最悪の状況が生じていた。この状況で黒軍が襲ってきたら、修羅場となるだろう。結末は、死体の山が暗闇にそびえる地獄絵図。
――来るぞ。
ボルトが言った。何が来るのか、問い返す暇も無い。来るのは、盗賊と黒軍。盗賊の一人が刀を抜いた。盗賊たちが狙う荷台にはリークとカシがいる。
無意識のうちに、ヒナタは心の中でリークに助けを求めた。同時に、カシを救った金色の鳥に救いを求めた。誰でも良いから助けて欲しかった。リークに救いを求めることは間違っている。リークは病み、身動き一つ取れない。それでも、絶望の闇の中、光を灯すのはリークなのだ。
黒軍のバイクのヘッドライトが眩く辺りを照らした。それは三つ巴の戦いが火蓋を切った合図であった。
黒軍を間近で見たのは、ヒナタも初めてであった。黒い服を着て、黒い布で顔を隠し、黒いバイクに乗る。闇に溶け込み、闇の中で生きる者たち。盗賊たちも一瞬ひるんだ。
「何で黒軍がいるんだ!」
盗賊の一人が苛立ちを露にした。盗賊の頭領と思われる男の声は若い。
「行け!」
号令と共に黒軍が駆け出した。黒軍の敵は盗賊であり、ヒナタたちであった。
「ここは俺たちの住処だ!」
盗賊たちは逃げるでもなく黒軍に挑んでいった。
「狙いはリークだ。ひるむな!」
黒軍は明らかにリークを狙っていた。やはり、リークの存在はタギに悟られていたのだ。何が何なのか分からなくなった。黒軍たちは銃を抜き、盗賊が倒れる。暗闇の中放たれたその銃弾は黒軍自身を撃ち抜く事もあった。盗賊たちは倒れた敵を盾にして、倒れた仲間を踏み分けて挑んでいった。盗賊の数九十六。黒軍の数百二十。持っている武器の性能も違う。勝ち目は無い。ヒナタはアサヒと一緒に荷台の前に立った。何があってもリークを守らなくてはならない。恐れてはならない。

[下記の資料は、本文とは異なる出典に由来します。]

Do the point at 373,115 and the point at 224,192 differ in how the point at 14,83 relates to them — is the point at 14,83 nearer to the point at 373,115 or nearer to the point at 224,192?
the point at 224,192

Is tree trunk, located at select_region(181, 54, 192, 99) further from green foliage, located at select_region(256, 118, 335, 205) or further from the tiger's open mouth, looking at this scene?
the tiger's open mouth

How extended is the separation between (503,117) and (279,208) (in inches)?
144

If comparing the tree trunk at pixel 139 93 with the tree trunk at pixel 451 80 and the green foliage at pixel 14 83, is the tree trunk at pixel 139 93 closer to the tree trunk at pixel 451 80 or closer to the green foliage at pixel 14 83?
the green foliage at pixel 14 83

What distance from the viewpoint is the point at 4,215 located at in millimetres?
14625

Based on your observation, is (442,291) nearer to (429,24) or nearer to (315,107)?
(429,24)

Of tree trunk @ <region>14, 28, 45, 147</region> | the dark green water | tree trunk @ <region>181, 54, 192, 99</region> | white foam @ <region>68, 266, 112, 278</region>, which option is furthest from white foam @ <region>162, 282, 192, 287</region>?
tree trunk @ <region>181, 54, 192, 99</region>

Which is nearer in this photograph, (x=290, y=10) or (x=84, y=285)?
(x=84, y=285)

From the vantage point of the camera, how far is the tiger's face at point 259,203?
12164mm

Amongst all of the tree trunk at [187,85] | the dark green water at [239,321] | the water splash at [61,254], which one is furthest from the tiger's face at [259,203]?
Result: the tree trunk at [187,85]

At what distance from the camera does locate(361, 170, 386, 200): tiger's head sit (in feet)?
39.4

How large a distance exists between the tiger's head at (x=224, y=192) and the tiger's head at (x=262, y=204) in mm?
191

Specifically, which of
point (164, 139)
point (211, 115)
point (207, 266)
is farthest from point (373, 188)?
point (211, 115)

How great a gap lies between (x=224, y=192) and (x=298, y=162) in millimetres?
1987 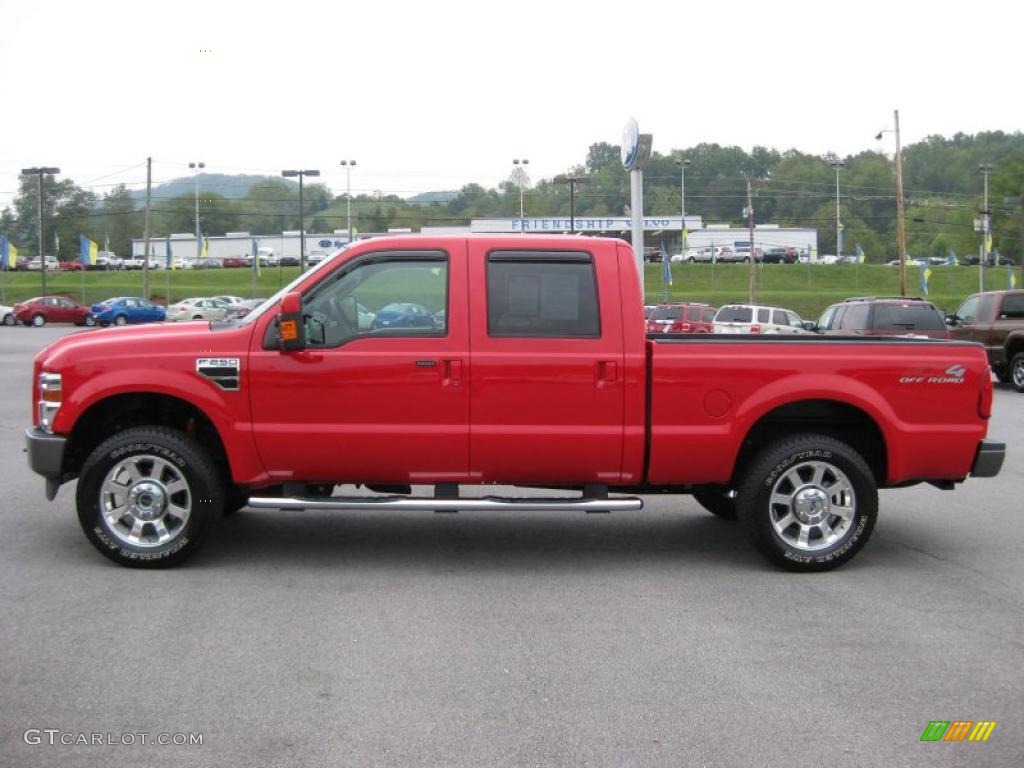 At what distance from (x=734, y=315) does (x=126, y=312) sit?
35.1 metres

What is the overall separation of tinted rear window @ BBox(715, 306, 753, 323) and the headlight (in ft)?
89.2

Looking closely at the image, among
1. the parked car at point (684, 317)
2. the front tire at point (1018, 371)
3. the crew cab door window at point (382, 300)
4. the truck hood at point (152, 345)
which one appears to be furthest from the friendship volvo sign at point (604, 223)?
the truck hood at point (152, 345)

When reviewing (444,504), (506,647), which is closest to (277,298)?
(444,504)

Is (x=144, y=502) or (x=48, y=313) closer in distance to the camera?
(x=144, y=502)

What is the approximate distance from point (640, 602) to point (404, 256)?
268cm

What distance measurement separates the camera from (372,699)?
4.70 m

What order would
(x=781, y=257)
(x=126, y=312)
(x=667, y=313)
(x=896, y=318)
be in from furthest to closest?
1. (x=781, y=257)
2. (x=126, y=312)
3. (x=667, y=313)
4. (x=896, y=318)

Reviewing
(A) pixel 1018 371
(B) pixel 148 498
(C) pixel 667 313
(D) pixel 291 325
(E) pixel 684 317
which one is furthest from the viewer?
(C) pixel 667 313

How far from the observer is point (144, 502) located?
22.4ft

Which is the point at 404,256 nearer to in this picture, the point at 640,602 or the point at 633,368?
the point at 633,368

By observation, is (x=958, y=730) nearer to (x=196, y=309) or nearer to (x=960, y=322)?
(x=960, y=322)

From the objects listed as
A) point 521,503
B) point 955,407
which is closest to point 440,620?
point 521,503

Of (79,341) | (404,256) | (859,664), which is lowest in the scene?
(859,664)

「ヒナタ、恐れず行きなさい。私たちは誇り高き狩人。闇の世界で生きる強大な生き物と戦う狩人。大丈夫。大丈夫だから」
アサヒがヒナタに囁いた。
黒軍は盗賊を掻き分け、荷台へ迫った。アサヒが刀を抜き、躊躇うことなく迫った黒軍を斬り伏せた。次に迫った敵に、ヒナタは短銃を向けた。
――ヒナタ……
小さくボルトの声が響いた。闇の世界で生きる生き物を狩る時とは違う。クロムカデを捌く時とは違う。感覚が違う。罪悪感が違う。アサヒは恐れるなと言ったが、ヒナタの理性が躊躇いを生んだ。